SpeechBrain is used for research, academic, commercial, non-commercial purposes, thus the code should be:
-
Simple: Straightforward and easy to understand even by students, academics and non-professional programmers. Complex code, when it must exist, should be especially well explained.
-
Readable: Avoid abstract naming. Link to resources and references to help understand complex topics or implementations. Code style and formatting are automatically enforced.
-
Efficient: Not everything must be fast, but for what should be, profile and optimize it. Operate on batches. Prefer tensor operations over Python-heavy constructs. Avoid CPU/GPU syncs.
-
Modular: It should be easy to use any of the functionality from the toolkit.

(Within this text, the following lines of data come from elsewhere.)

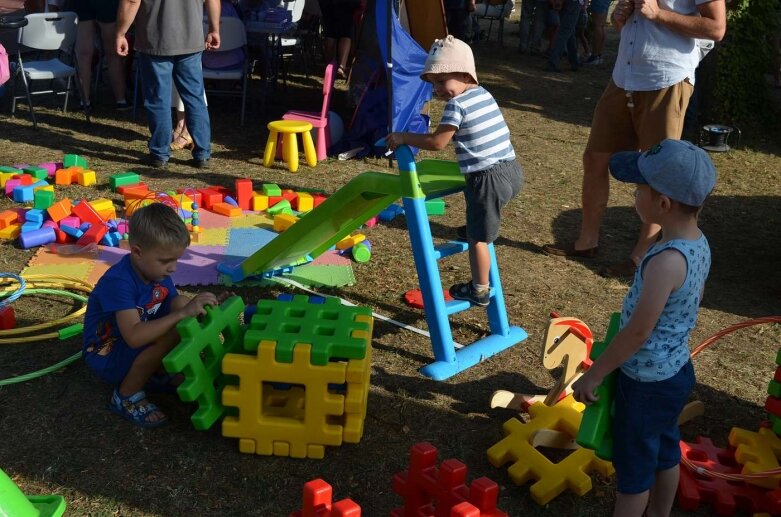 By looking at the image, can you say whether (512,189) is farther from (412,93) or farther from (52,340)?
(412,93)

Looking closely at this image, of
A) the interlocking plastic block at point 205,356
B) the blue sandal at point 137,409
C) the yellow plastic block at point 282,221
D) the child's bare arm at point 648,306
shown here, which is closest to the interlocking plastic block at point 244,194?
the yellow plastic block at point 282,221

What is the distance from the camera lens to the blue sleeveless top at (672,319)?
8.79ft

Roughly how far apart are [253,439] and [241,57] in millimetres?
5916

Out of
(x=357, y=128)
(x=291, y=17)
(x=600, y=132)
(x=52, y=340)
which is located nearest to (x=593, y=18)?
(x=291, y=17)

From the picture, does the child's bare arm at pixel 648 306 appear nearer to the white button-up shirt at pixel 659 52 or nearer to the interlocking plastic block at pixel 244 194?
the white button-up shirt at pixel 659 52

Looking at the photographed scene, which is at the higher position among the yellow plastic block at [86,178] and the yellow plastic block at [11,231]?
the yellow plastic block at [86,178]

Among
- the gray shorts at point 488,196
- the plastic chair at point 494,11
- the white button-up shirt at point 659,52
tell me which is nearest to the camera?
the gray shorts at point 488,196

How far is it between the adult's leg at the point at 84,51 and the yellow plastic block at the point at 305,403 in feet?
19.7

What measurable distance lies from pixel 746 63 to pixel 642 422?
789 cm

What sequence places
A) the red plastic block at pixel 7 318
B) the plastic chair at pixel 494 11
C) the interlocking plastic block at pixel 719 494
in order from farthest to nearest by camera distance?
the plastic chair at pixel 494 11 < the red plastic block at pixel 7 318 < the interlocking plastic block at pixel 719 494

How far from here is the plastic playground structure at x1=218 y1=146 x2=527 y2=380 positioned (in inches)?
162

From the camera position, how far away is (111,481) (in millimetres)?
3326

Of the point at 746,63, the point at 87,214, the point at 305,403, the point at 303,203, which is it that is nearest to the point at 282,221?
the point at 303,203

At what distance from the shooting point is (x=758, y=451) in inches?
141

Break up functions/classes when it helps. Group functionality logically. Avoid unnecessary coupling.
-
Well documented: Docs should be complete, easy to navigate and easy to discover. Consider writing a tutorial.
- We use git and GitHub.
- Fork the speechbrain repository (https://github.com/speechbrain/speechbrain) on GitHub under your own account. (This creates a copy of SpeechBrain under your account, and GitHub knows where it came from, and we typically call this "upstream".)
- Clone your own speechbrain repository.
git clone https://github.com/ <your-account> /speechbrain(This downloads the git repository to your machine, git knows where it came from, and calls it "origin".) - Create a branch for each specific feature you are developing.
git checkout -b your-branch-name - Make + commit changes.
git add files-you-changed ...git commit -m "Short message about what you did" - Push the branch to your GitHub repository.
git push origin your-branch-name - Navigate to GitHub, and create a pull request from your branch to the upstream repository speechbrain/speechbrain, to the "develop" branch.
- The Pull Request (PR) appears on the upstream repository. Discuss your contribution there. If you push more changes to your branch on GitHub (on your repository), they are added to the PR.
- When the reviewer is satisfied that the code improves repository quality, they can merge.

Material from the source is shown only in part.